[holding answer 25 February 2010]: The benefit simplification unit has three full-time staff (one SEO and two HEOs) with additional input from a senior civil servant (grade 5) and a grade 7.
Their role is to challenge existing complexity across the benefits system, and to ensure that the move towards a simpler, more transparent system is at the heart of future benefit design and delivery.
Progress on simplification is reported on annually in the departmental report, and the effectiveness of the unit is reflected in the extent to which key performance indicators are met across the Department, where these indicators are partly dependent on the complexity of the system.
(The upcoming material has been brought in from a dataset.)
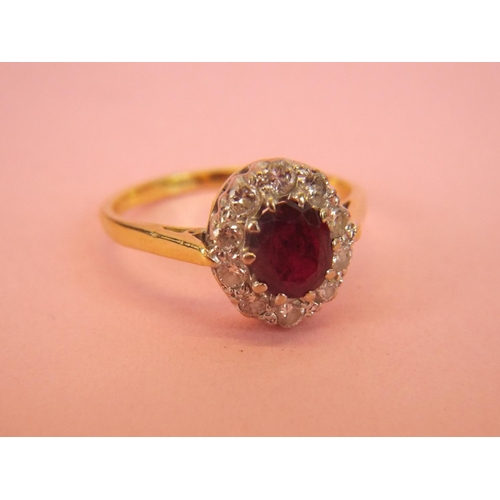 34 - 18ct Ruby & Diamond set ring. 3.7g  Finger size 'M'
Simplification measures—both of benefit rules and ease of customer access—introduced since the unit was set up include:
ignoring all final earnings on new claims to benefit (from October 2007). This got rid of a complex and error-prone part of assessing initial benefit entitlement;
the national roll-out of local housing allowance (April 2008), a major shift in the way housing payments are made in the private rented sector which makes them simpler and speedier to administer;
the introduction of employment and support allowance (October 2008), removed confusion resulting from the availability of two benefits for people who are ill or disabled—incapacity benefit, and income support—by replacing them with one simpler benefit for this client group;
paying all working age benefits on a common payday (to be completed by April 2011) instead of confusingly different paydays;
extending the Rapid Reclaim process since the last claim for jobseeker's allowance and income support from 12 to 26 weeks, providing a speedier service, with less form-filling;
transferring all our benefit internet services to Directgov, the main public services website. Customers can now get advice on what to claim on the benefit adviser and track the progress of claims via the secure Benefit Enquiry service.